» **Data**:
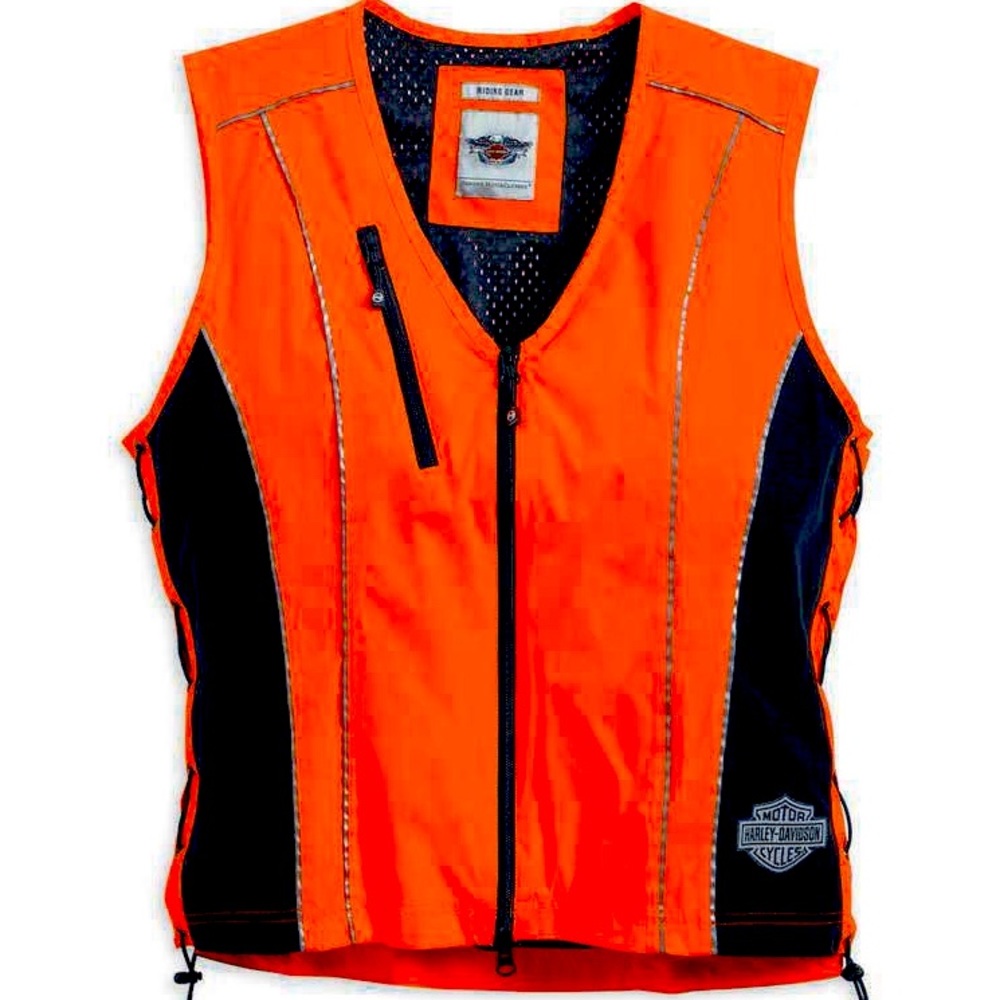 Women's Hi-Vis Reflective Vest
Part #98289-14VW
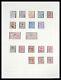 Lot 39537 Stamp Collection French Morocco 1911-1976 In Schaubek Album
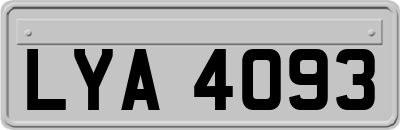 LYA4093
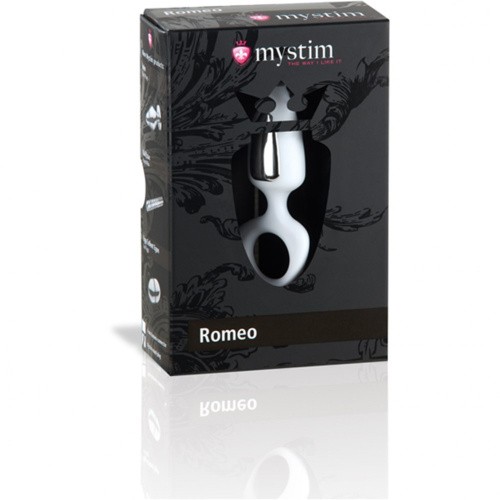 Фаллоимитатор для электростимуляции Mystim Romeo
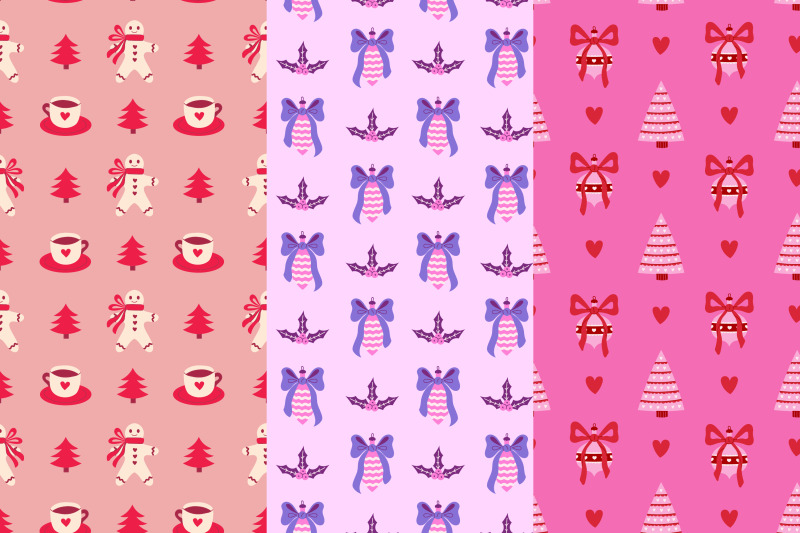 coquette-christmas-seamless-patterns-amp-digital-papers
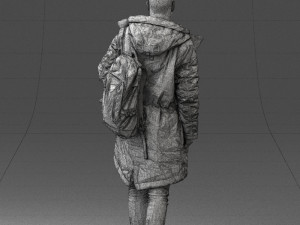 tourist 1102-1 Modelo 3D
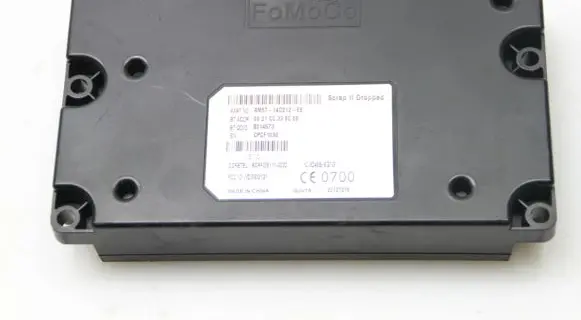 Ford Focus Bluetooth control unit module AM5T14D212EB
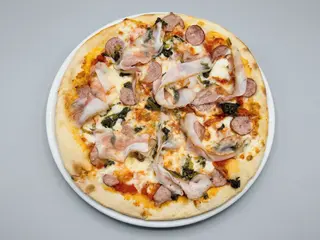 Pizza Capri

» **What to produce**:
Give the records back exactly, with no pictures.

» **Solution for this problem**:
 Women's Hi-Vis Reflective Vest
Part #98289-14VW
 Lot 39537 Stamp Collection French Morocco 1911-1976 In Schaubek Album
 LYA4093
 Фаллоимитатор для электростимуляции Mystim Romeo
 coquette-christmas-seamless-patterns-amp-digital-papers
 tourist 1102-1 Modelo 3D
 Ford Focus Bluetooth control unit module AM5T14D212EB
 Pizza Capri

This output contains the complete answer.